- [EXERCISE]: Would you please print exactly the lines that run from the one with "Green EVA foam" to the last line of the data, both included, without any pictures?

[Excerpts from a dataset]

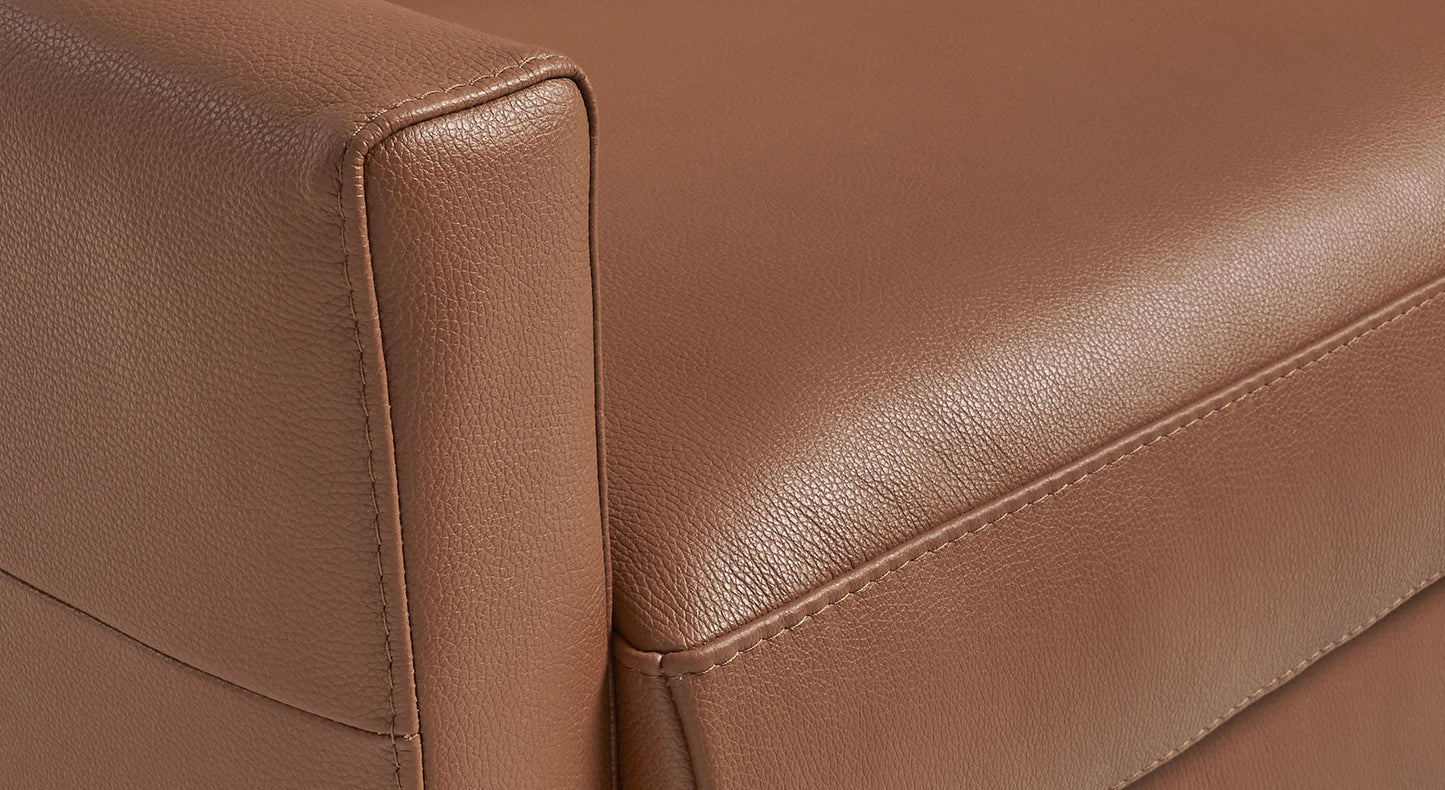 Détail en gros plan du revêtement en cuir marron du canapé BOBBY Cuir Lux Cognac mettant en valeur la texture fine et la qualité du matériau.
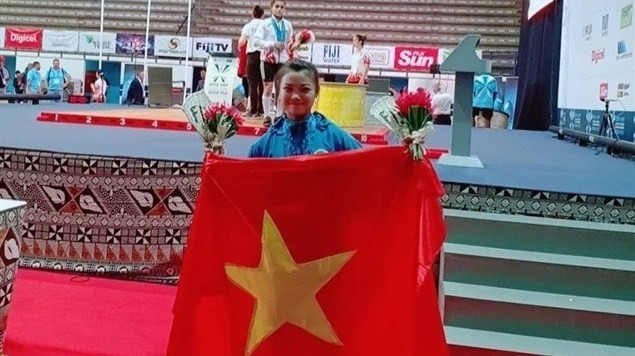 Weighlifter Khong My Phuong poses with the national flag after winning two gold medals at the World Junior Championships. (Photo: VNA)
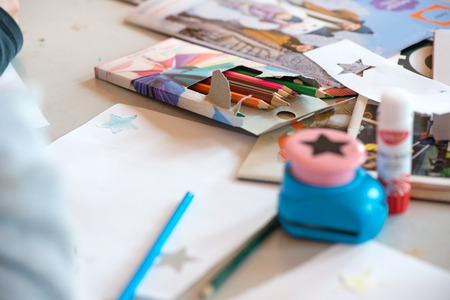 Creative workshop for kids. Drawing on white paper at school. Glue, colorful pencils, star and christmas tree shaped paper cutter on table. having fun.の写真素材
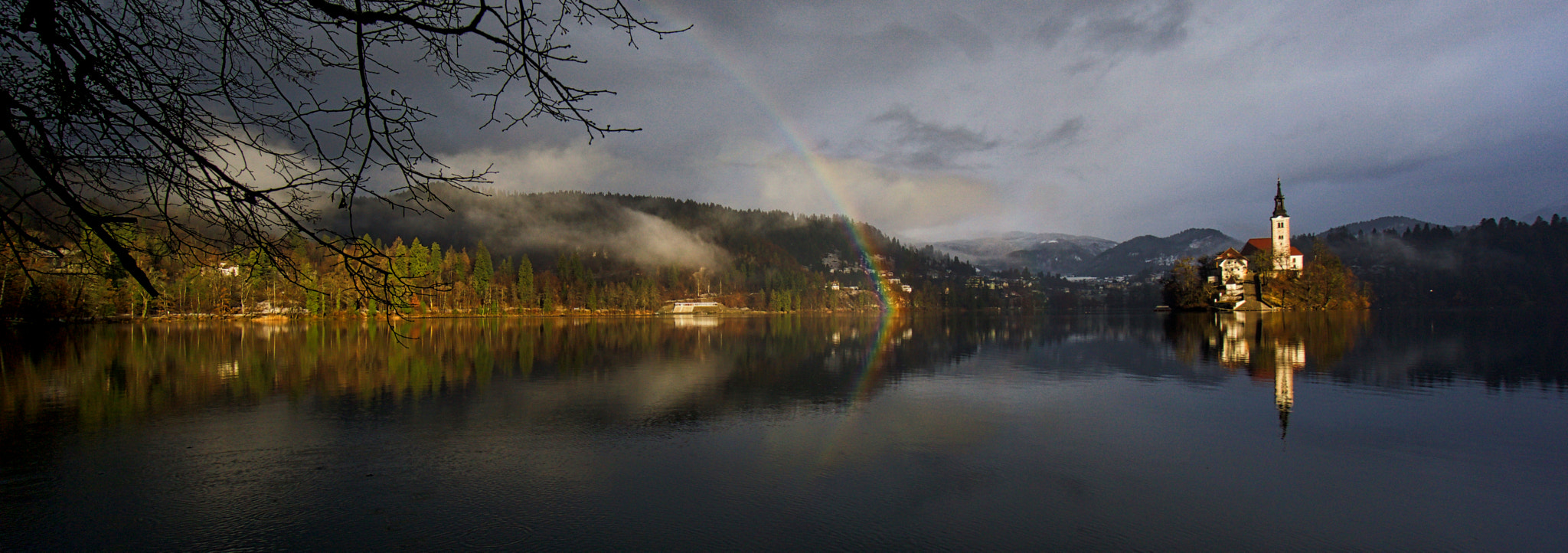 Sony a6000 + Sony E 10-18mm F4 OSS sample photo. Rainbow on lake bled photography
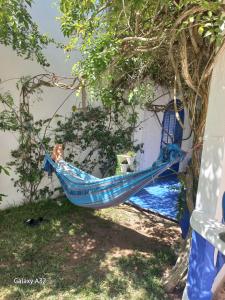 a blue hammock hanging from a tree next to a building at Villa La Palmeraie in Oualidia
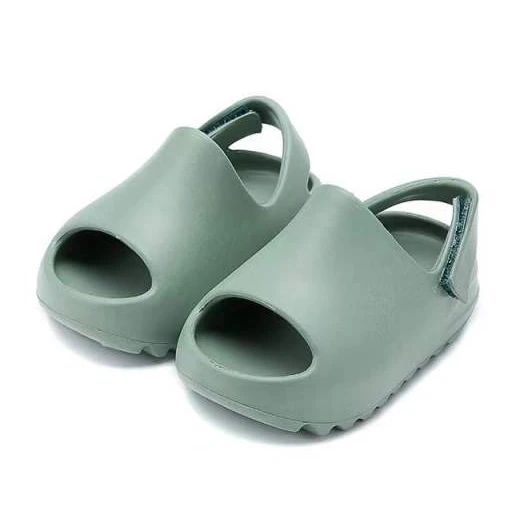 Green EVA foam sandals with open toes and adjustable heel straps.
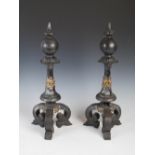 A pair of late 19th/early 20th century cast iron and brass andirons, the ball shaped finials above a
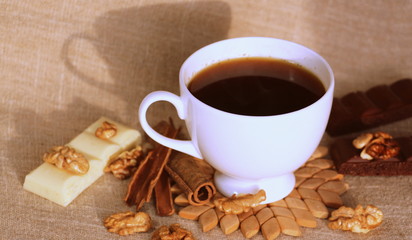 A cup of coffee. White dishes. Coffee and chocolate. Morning ritual.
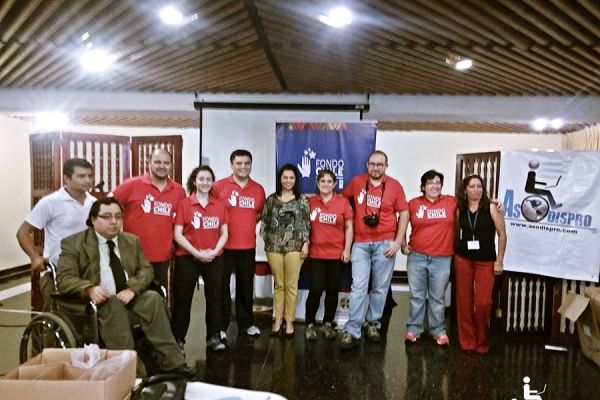 Después de un evento, 11 delegados posan en el escenario de un hotel.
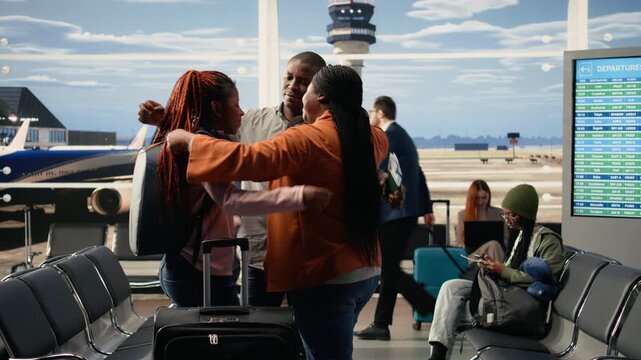 Emotional scene of African American parents hugging daughter in airport terminal, saying a bittersweet goodbye before departure flight. Young traveler leaving to study abroad, solo travel.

- [TASK RESULT]:
 Green EVA foam sandals with open toes and adjustable heel straps.
 A pair of late 19th/early 20th century cast iron and brass andirons, the ball shaped finials above a
 A cup of coffee. White dishes. Coffee and chocolate. Morning ritual.
 Después de un evento, 11 delegados posan en el escenario de un hotel.
 Emotional scene of African American parents hugging daughter in airport terminal, saying a bittersweet goodbye before departure flight. Young traveler leaving to study abroad, solo travel.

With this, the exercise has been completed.